Key Quote: "I'm CSR CSC agnostic. If you see the word agnostic in GraphBLAS source code, that means I don't care if it's by row or by column anymore. I pretend it's all by column internally."

Unified Iteration Pattern [00:47:00 - 00:58:00]

A single iteration pattern works across all four formats using macros:

for (K = 0; K < nvec; K++) {
    J = GBH(H, K);  // Get vector name
    P_start = GBP(P, K);
    P_end = GBP(P, K+1);
    for (P = P_start; P < P_end; P++) {
        if (!GB_BITMAP_CHECK(B, P)) continue;
        I = GBI(I, P);
        AIJ = GBX(X, P, iso);
        // work with entry at (I, J) with value AIJ
    }
}

These macros hide the differences between formats:

GBH: Get vector name (K for most, H[K] for hypersparse)
GBP: Get vector start position (P[K] or K*vlen for full)
GBI: Get row index (I[P] or P % vlen for full)
GBX: Get value (X[P] or X[0] if iso)

Key Quote: "What that means is I can write a single loop to move through all 4 formats. I get the vector length. I walk through all my vectors. I want to know the name of my Kth vector. Well, for sparse bitmap and full it's just K, but hypersparse it's H of K. Same line of code that does all 4 cases."
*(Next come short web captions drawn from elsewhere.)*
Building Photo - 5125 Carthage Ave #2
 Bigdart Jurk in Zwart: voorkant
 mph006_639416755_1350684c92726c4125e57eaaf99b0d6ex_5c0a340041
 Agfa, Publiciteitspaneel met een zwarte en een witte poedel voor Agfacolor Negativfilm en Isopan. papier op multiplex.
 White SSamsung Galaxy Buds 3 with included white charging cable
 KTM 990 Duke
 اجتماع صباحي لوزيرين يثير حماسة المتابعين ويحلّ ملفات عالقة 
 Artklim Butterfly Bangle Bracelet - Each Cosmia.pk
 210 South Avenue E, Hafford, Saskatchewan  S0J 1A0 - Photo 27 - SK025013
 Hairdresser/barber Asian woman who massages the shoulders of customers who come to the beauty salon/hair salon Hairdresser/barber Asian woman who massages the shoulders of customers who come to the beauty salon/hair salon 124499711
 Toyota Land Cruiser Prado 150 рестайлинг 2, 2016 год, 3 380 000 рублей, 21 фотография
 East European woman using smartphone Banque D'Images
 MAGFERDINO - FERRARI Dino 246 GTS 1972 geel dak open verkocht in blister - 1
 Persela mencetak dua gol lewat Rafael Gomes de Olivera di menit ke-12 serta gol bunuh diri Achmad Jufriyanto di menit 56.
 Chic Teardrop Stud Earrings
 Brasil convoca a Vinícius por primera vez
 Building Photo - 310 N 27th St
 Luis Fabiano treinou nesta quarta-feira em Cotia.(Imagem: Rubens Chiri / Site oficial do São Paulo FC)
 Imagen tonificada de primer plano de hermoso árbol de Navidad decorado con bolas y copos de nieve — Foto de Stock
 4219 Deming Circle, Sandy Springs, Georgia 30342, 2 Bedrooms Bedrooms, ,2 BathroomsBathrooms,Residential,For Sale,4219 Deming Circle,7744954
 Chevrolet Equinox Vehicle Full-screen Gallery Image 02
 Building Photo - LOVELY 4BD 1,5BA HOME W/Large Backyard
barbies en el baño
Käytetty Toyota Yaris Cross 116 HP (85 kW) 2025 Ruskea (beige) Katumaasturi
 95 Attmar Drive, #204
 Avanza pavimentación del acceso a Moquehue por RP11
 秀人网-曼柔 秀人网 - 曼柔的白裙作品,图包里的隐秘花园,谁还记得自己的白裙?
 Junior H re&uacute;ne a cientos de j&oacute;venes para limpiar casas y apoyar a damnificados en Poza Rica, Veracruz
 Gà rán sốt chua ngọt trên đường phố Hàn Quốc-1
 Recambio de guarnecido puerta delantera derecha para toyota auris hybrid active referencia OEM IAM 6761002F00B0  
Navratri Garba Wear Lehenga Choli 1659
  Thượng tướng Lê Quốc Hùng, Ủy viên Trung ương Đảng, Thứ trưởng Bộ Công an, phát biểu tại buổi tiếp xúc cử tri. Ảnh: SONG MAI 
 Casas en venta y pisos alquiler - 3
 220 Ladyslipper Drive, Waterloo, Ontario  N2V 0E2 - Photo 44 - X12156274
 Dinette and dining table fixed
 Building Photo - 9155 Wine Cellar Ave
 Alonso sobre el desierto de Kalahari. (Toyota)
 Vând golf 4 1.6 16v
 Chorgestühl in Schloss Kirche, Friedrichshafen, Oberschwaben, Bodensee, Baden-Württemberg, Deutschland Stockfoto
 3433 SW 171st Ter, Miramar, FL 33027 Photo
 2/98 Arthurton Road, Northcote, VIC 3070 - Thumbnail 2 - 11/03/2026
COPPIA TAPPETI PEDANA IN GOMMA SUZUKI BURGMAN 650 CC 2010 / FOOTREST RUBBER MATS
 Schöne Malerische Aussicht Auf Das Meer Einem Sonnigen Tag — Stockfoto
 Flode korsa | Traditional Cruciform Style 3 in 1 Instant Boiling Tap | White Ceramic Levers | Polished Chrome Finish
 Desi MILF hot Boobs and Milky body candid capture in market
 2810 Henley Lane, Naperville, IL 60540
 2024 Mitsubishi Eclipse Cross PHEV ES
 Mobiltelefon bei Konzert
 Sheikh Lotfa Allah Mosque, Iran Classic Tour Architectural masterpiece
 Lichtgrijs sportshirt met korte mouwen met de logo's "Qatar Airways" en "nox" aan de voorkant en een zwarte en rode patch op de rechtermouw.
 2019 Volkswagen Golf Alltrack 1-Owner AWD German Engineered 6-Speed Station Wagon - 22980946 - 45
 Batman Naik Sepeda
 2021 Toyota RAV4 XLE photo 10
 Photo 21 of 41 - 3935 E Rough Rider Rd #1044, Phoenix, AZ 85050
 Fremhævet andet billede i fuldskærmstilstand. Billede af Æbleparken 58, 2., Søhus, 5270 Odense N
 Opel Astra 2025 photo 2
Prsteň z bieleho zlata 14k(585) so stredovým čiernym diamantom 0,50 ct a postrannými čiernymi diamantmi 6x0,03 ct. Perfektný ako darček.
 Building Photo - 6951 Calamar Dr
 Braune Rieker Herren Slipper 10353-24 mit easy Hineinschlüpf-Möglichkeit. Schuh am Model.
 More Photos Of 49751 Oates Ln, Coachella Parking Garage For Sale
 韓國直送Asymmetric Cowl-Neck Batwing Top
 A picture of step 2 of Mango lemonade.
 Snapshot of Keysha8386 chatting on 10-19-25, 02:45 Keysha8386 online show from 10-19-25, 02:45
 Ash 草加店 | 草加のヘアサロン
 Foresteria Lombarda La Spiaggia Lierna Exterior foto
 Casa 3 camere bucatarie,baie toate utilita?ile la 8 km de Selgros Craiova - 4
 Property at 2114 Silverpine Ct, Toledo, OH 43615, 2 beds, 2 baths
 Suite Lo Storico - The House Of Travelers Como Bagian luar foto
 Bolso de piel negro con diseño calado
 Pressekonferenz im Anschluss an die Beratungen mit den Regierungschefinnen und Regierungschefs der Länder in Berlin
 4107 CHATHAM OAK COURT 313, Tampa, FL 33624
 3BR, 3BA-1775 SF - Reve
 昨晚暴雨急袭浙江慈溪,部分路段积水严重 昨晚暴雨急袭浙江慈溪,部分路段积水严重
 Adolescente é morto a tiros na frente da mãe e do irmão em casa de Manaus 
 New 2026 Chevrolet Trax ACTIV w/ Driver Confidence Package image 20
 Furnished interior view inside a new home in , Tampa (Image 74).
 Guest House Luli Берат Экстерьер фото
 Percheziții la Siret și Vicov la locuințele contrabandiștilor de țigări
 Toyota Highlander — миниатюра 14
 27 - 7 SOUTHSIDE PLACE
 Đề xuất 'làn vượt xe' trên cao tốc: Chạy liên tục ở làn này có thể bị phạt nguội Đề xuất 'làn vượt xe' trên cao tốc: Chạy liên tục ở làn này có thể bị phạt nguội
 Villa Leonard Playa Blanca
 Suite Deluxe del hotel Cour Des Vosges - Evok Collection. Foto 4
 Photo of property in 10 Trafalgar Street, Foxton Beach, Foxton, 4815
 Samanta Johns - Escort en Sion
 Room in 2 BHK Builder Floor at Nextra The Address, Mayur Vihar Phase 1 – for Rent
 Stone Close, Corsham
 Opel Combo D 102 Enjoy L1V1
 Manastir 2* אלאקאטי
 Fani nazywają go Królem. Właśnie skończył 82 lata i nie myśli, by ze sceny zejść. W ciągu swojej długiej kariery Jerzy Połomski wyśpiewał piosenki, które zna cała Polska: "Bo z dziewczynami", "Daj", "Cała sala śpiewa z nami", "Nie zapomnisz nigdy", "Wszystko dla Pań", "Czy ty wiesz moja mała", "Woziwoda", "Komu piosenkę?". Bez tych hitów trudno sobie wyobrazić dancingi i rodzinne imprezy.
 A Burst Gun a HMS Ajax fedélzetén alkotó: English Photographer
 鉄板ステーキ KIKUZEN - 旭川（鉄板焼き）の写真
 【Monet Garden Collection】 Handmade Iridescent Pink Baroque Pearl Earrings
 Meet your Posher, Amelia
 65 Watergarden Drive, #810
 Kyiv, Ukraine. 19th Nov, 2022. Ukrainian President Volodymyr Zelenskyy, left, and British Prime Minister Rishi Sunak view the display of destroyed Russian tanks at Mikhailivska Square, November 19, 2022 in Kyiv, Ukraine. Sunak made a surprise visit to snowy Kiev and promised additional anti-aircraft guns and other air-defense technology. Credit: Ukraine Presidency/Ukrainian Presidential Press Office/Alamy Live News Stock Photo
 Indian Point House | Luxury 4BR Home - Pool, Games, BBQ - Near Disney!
Dynamic Graph Capabilities

Zombies (Pending Deletions) [01:05:50 - 01:15:20]

Zombies are entries marked for deletion but not yet removed from the data structure:

Only exist in sparse/hypersparse formats (bitmap/full can delete immediately)
Implemented using "flip" operation: index i becomes -(i+2)
Flip is its own inverse: flip(flip(i)) = i
Special handling for 0: 0 → -2, -2 → 0
Maintains sorted order, enabling binary search on rows/columns with zombies
Created by delete operations and some assign operations
Killed in batch during matrix wait operations

Key Quote: "If it's a 3, and I want to mark it for deletion, I put a minus 3 there. Minus 3 means yeah, you were row 3, but you've been deleted because it's a negative. It's like a tombstone. Your name is 3, but you're dead. That's a zombie. You're still in the land of the living but you're dead. (actually it would not be a minus three, but flip(3) = -5 but it's easier to explain the tombstone if I say minus 3 for row index 3."

Key Quote: "Zombies are really useful. If I have a bunch of deletions happening all at same time, I'll do all the deletions, and I may postpone the actual construction of the actual compacted matrix with the deletions been applied. I can do that later."

Storm Trooper Effect: "One zombie coming after you is really nasty. If you have a million, it's really easy, because the same work to kill a million zombies versus killing one."

Pending Tuples (Pending Insertions) [01:16:00 - 01:28:00]

Pending tuples are insertions that haven't been added to the sparse structure yet:

Only for sparse/hypersparse formats
Stored as three arrays: row indices, column indices, values
Includes a dup operator for handling duplicate updates
Disjoint from existing entries (updates are applied immediately)
Assembled using GrB_Matrix_build + element-wise add
Enables batching of insertions

Key Quote: "A pending tuple is an entry that I tried to insert into the matrix, and I couldn't, because it's not there. Stick this number AIJ into the matrix, oops it's not there already. So what do I do? I'll do it later."

Non-Associative Operators: A dup operator is provided to "sum" up duplicates. Unlike the spec, SuiteSparse/GraphBLAS allows non-associative dup operators like "second" to support "take the last value" semantics:

Key Quote: "In GraphBLAS, the GraphBLAS API for the GrB matrix build function says that the dup operator must be associative. But I allow my dup operator for GrB matrix build to be non associative, because I want to use things like the first or second operator. Second means if you see 2 duplicates take the last one in the list."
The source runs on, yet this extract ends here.